Here, you can see the payload bay in place as it sits in the middle frame and rests with the bulkhead on the top centering ring. The switch band is slid up to the top and out of the way. Epoxy was applied to the wall of the payload bay, and the switch band was slid down until it contacted the airframe. After the switch band was slid down on the epoxy, I taped the band to the payload bay to prevent sliding. The whole thing was pulled out, and excess epoxy was wiped clean from the payload bay and middle coupler. I work sloppy. :p:

20170413_220804.jpg

In the post-cure fit (not shown). The switch band sits tightly against the airframe. When I knock on the top bulkhead, there is no echo beneath. The bottom bulkhead sits flush against the top of the coupler. As an additional test for a flush fit, I took a black crayon and colored the top of the coupler. After sliding in the payload bay and tapping (not twisting since this can just show marks if there is one high spot!), the bulkhead showed signs of crayon transfer all around.

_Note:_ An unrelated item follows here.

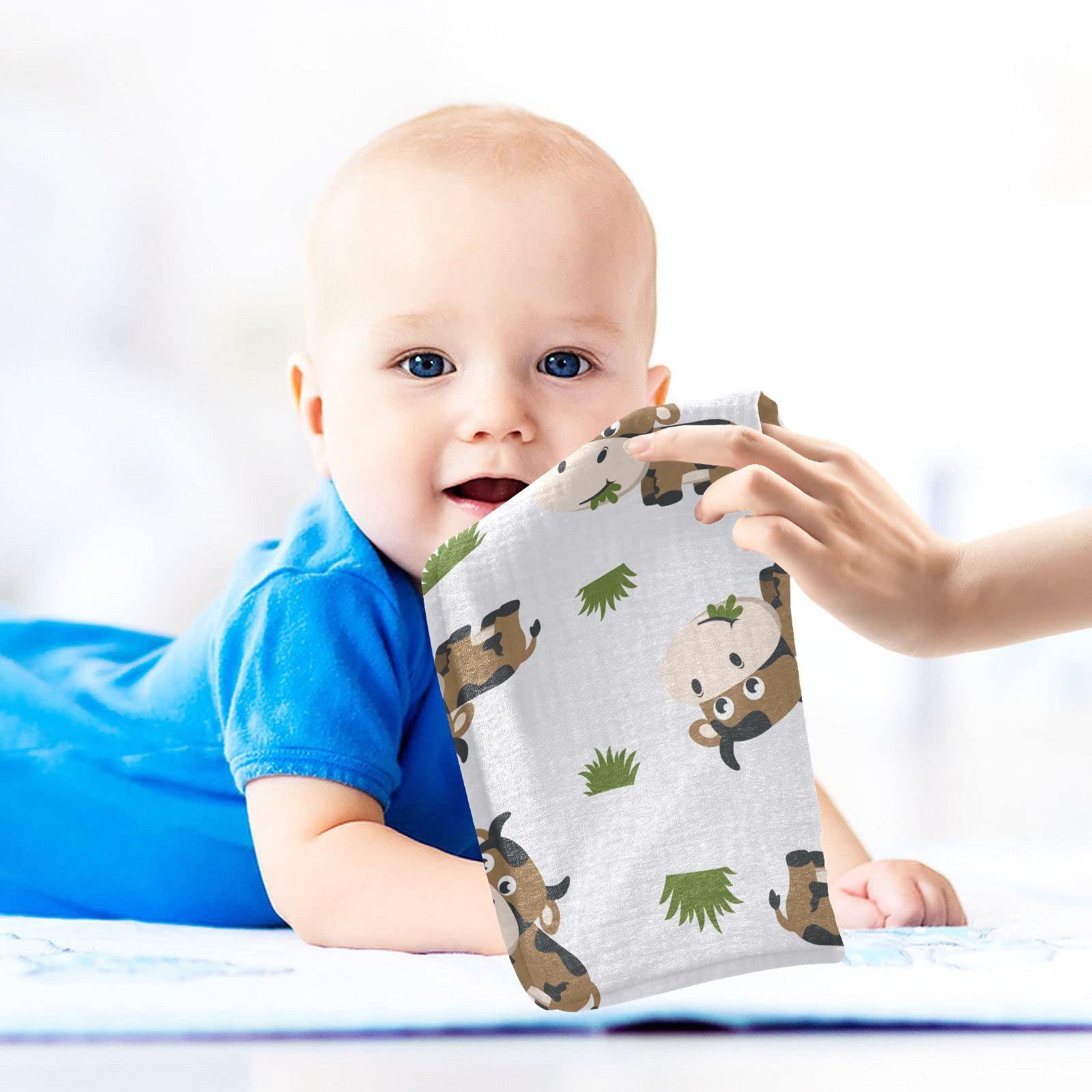 vvfelixl vvfelixl Baby Washcloths Cotton Brown Cow Grass Baby Muslin Washcloths Soft Baby Face Towel for Newborn Infants Baby Wipes, 11.8 X 11.8 Inch, 3 Pack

Here's a full stack test fit. All the tubes are flush with no gaps, and straight. Money shot! You can see bondo spots on the top tube where I'm starting to sand things smooth.

20170413_221737.jpg

As a test for tightness of the fit and straightness, not shown here, but I can hold the booster tube horizontal. The whole airframe does not bend at any joint by more than enough top open up a gap greater than 1-2 mm. The couplers and payload bay are straight and tight. I'm being extra cautious since I'm concerned about bending moments on such a large rocket.

Charge testing will make sure it's not all too tight, but I am able to pick up the sections and shake lightly to get them to separate, so I'm not worried.

It's hard to get the scale of the bottom fins, but I have 4 with a 7" span. Stability with the motor in is currently estimated to be 1.2. I need to buy the chutes and deployment bag to get a better estimate. That cuts it a bit close for me, so I'll likely put 1-2 pounds of mass in the nose cone to put me closer to 1.5 (where I'm most comfortable).

Not shown are the stubby middle stabilizer fins. They don't do much beyond being true to the look of the MEADS PAC-3 Patriot.